# Iron Max



## Uk0724 (May 1, 2019)

I couldnt find anything in the search results for this product. Do any of you have experience with this? Looks like it kills two birds...iron and manganese. Thoughts?


----------



## Mightyquinn (Jan 31, 2017)

I don't see it being too much different than any of the other liquid iron products out there. Just know if you buy that stuff, you are paying double of what it is worth for shipping. You can pick up something similar at Tractor Supply or Site One for about half the price.


----------



## gooodawgs (Jul 10, 2020)

@Mightyquinn what's your go-to iron product? Looks like Siteone has a few options, any favorites?


----------



## Theycallmemrr (May 16, 2019)

@gooodawgs

Why not make your own Iron solution?

4.0 oz of Ferrous Sulfate aka iron(II) sulfate (0.8oz of Fe)
3.4 oz of Ammonium Sulfate
All of this is sprayed per 1000 sq ft. 
You can get the iron from Kelp4less.com or siteone carries it but it might be something that needs to be special ordered. Home depot/Lowe's also carries it but it labeled as moss killer. You will pay through the nose for it and won't get much for what you pay for it.

You can adjust the amount of iron up or down depending on the color you want. Just be careful and don't over do it with the iron as it can turn the turf dark gray/black.

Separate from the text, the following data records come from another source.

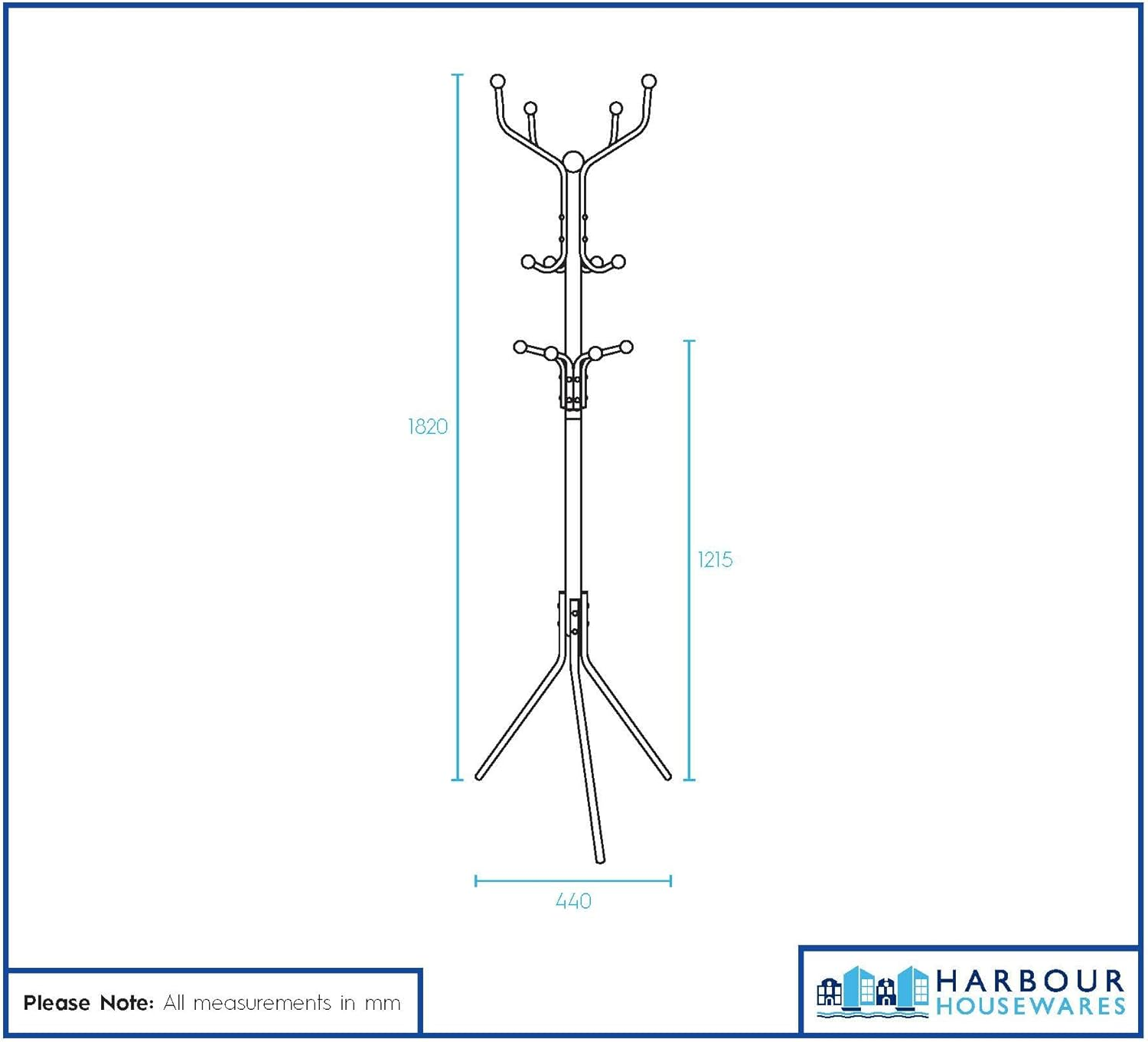 Harbour Housewares Coat Rack - White - Steel - Free-Standing Jacket Coat Stand Hat Hook Bag Hanger Tree Stand for Home Storage, Hallway, Entryway, Office - White image number 5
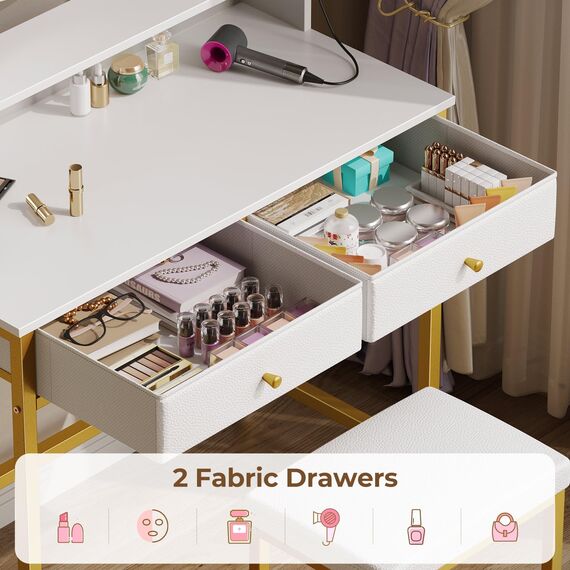 Seventable Schminktisch mit Hocker, 2 Stoffschubladen und Steckdosen, moderner Make-up-Schminktisch mit Werkzeughaken für Schlafzimmer, Schreibtisch für kleine Räume, Gold & Weiß (kein Spiegel)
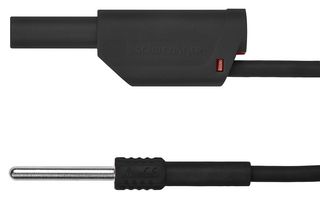 AL 8323 / 1 / 50 / SW - Test Patch Lead, 4mm Stackable Banana Plug, Shrouded, Pin Tip Plug, 19.6 ", 500 mm, Black, 19 A - SCHUTZINGER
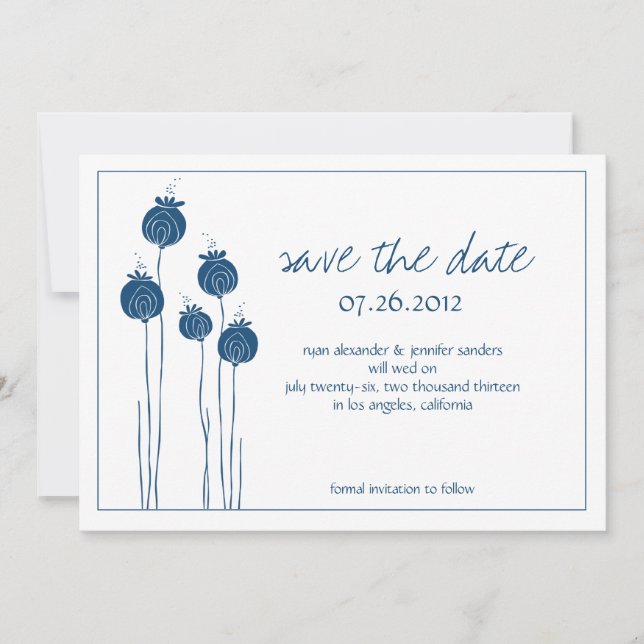 Floral Pods Navy Save the Date (Vorderseite)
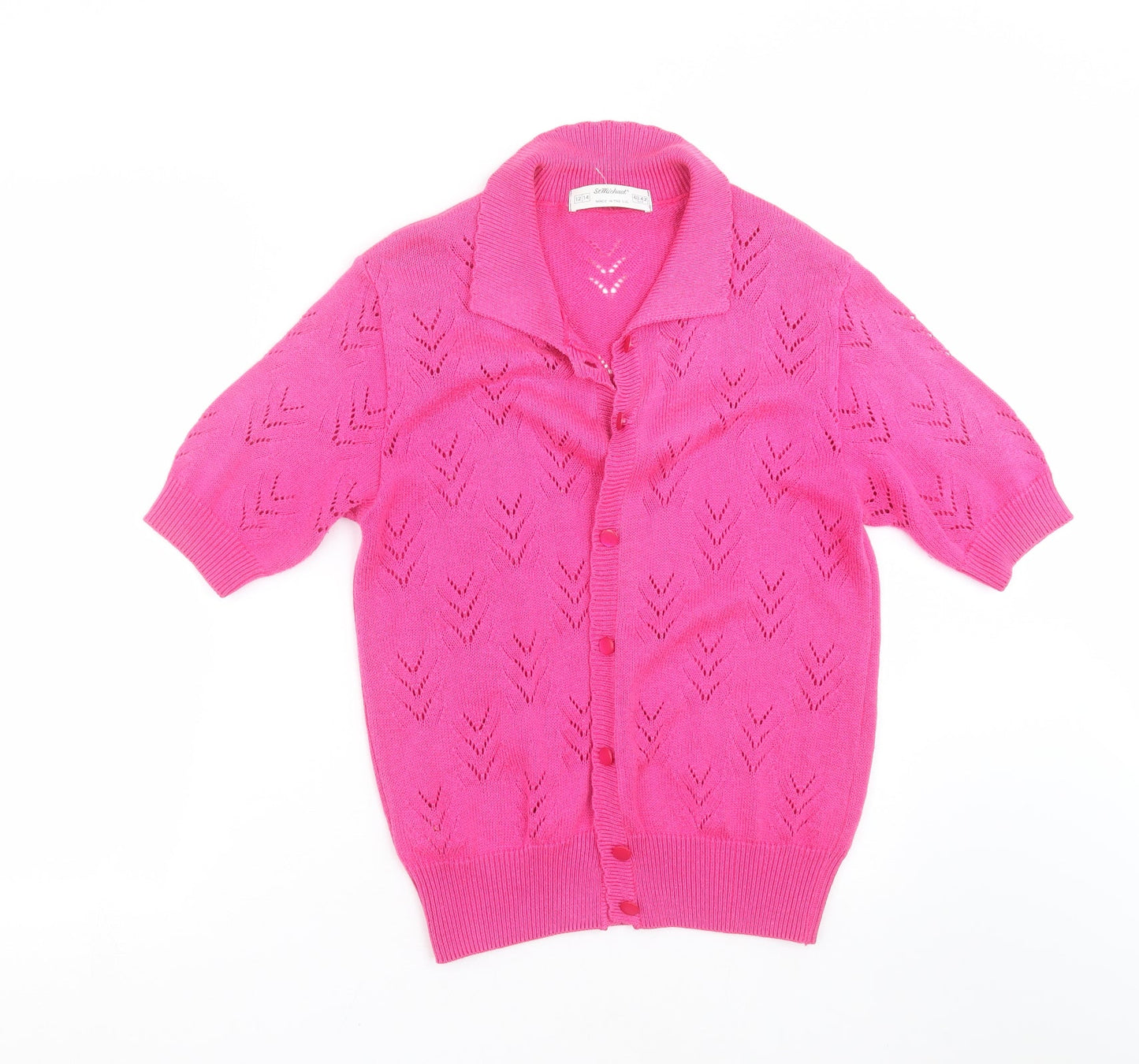 St michael  Womens Pink Geometric Knit Cardigan Jumper Size 12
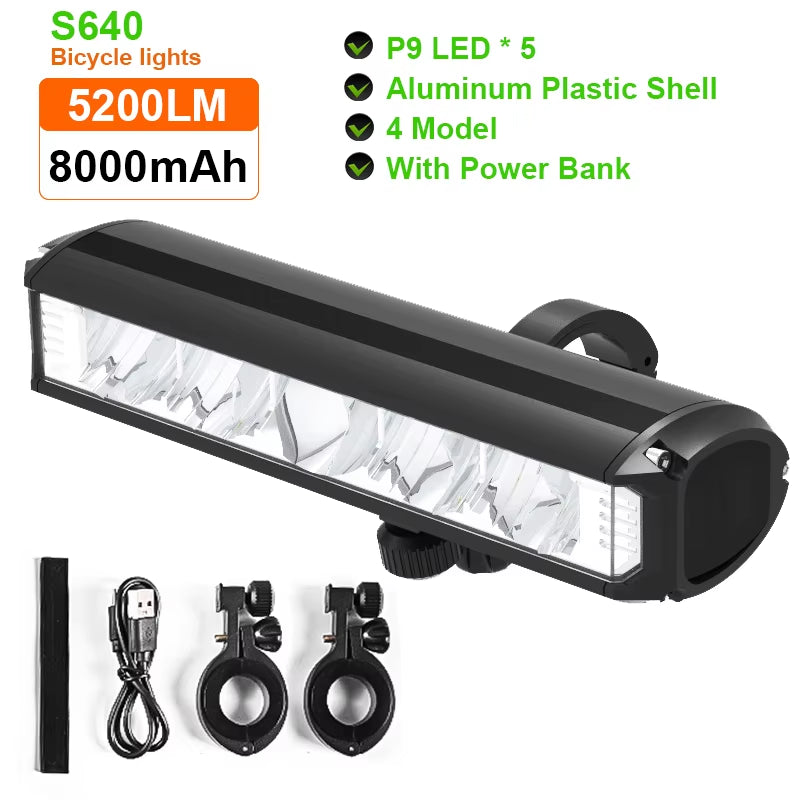 8000mAh Rechargeable Bike Front Light, 5200LM LED Headlight with Power Bank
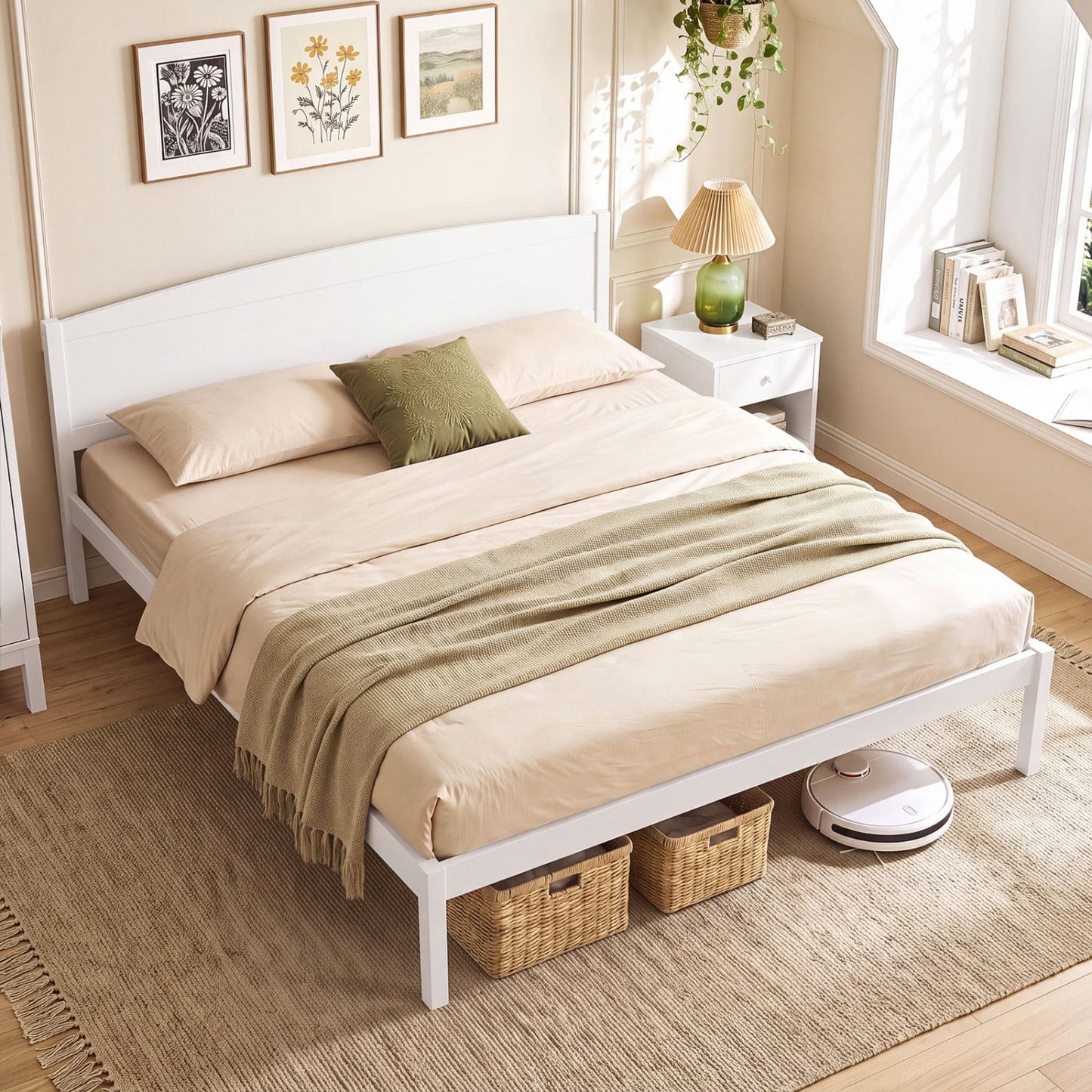 King Size Wooden Platform Bed Frame with Curved Headboard, White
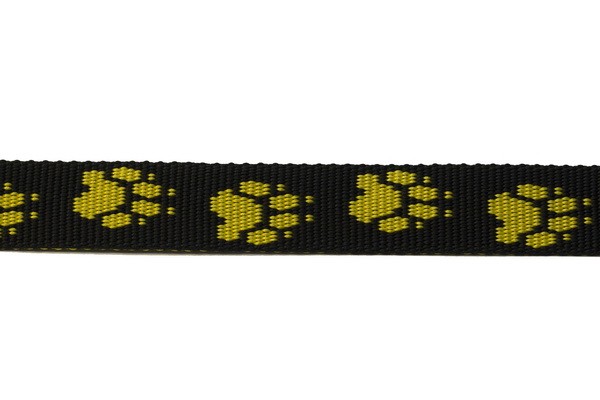 Mustergurtband Tatzen schwarz/gelb 25mm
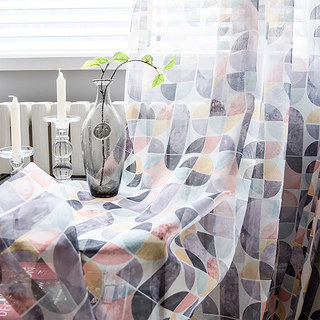 Vigour Multi Couleur Mid Century Moderne Purple Géométrique Lin Rideaux Voiles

You can also get it at Home Depot or Lowe's but it's labeled as Moss killer. It's very expensive for the amount you get though.


----------



## cldrunner (May 14, 2019)

@gooodawgs I know you were not asking me but I had great success last year using SiteOne Fertilizer that has 4.5% iron and using their micronutrient that has 20% iron. Seemed to work really well for me.

https://www.siteone.com/en/080299-lesco-iron-plus-micronutrient-20fe-8mn-5mg-55s-2zn-50-lb/p/11534
https://www.siteone.com/pdf/sdsPDF?skuId=11534&resourceId=9760

https://www.siteone.com/en/098623-lesco-fertilizer-28-3-10-50-polyplus-45fe-50-lb/p/336699
https://www.siteone.com/pdf/sdsPDF?skuId=336699&resourceId=16004

Very cost effective compared to liquid solutions I have found.


----------



## Mightyquinn (Jan 31, 2017)

gooodawgs said:


> @Mightyquinn what's your go-to iron product? Looks like Siteone has a few options, any favorites?


I have used products like that in the past with good results and have also tried mixing my own like @Theycallmemrr mentioned but I have been a fan of FeATURE and Main Event for the last couple of years as the iron is Chelated and will be more stable plus you aren't paying a lot for shipping water basically and they both have all the micronutrients in them too which you don't get with the Ferrous Sulfate and Ammonium Sulfate mix.

The link for the FeATURE is from a member here at TLF as he is able to buy it in bulk where he lives but for the Main Event you would need to purchase $100 worth to get free shipping which is what I did as it will keep indefinitely as long as it's in a dry location. You generally mix 2-3 oz of the product with a gallon of water per 1,000 sq/ft.


----------



## FATC1TY (Jul 12, 2017)

Big fan of Feature and I'll even admit the micro green or whatever it is from Greene County Fert is pretty good, but again, it's liquid and paying for water is kind of stupid.


----------



## Stro3579 (Jun 30, 2017)

Mightyquinn said:


> gooodawgs said:
> 
> 
> > @Mightyquinn what's your go-to iron product? Looks like Siteone has a few options, any favorites?
> ...


Where can I get some main event iron? Which works best Feature or Main Event?


----------



## Mightyquinn (Jan 31, 2017)

You can get MAIN EVENT through Midwest Arborist Supply or you can get some FEature through the MarketPlace here on TLF. If you buy $100 worth at MAS you get free shipping which helps bring the cost down a little.

As for which one is better they are both about the same.


----------



## tnbison (Jun 2, 2017)

I was pretty happy with using main event monthly last year. Just mixed it in when it was pgr time.


----------



## Stro3579 (Jun 30, 2017)

:thumbup:


tnbison said:


> I was pretty happy with using main event monthly last year. Just mixed it in when it was pgr time.


----------



## Stro3579 (Jun 30, 2017)

Mightyquinn said:


> You can get MAIN EVENT through Midwest Arborist Supply or you can get some FEature through the MarketPlace here on TLF. If you buy $100 worth at MAS you get free shipping which helps bring the cost down a little.
> 
> As for which one is better they are both about the same.


Thanks👍🏽


----------



## tcorbitt20 (Aug 31, 2018)

I just bought some of this impulsively when I was ordering a fungicide. Plan to spray some tomorrow with my PGR. Will update later.


----------



## clbphllps (Aug 20, 2019)

I just started spraying this at a 2 oz / k and it works fine. I'm going to start going stronger and when I run out will switch to the tractor supply version as @Mightyquinn pointed out.


----------



## Uk0724 (May 1, 2019)

I just put down my first application of this last night with my PGR.

Fingers crossed it is a good source of iron.


----------



## Uk0724 (May 1, 2019)

Not impressed. Can't tell I applied iron. Will up the rate next time.


----------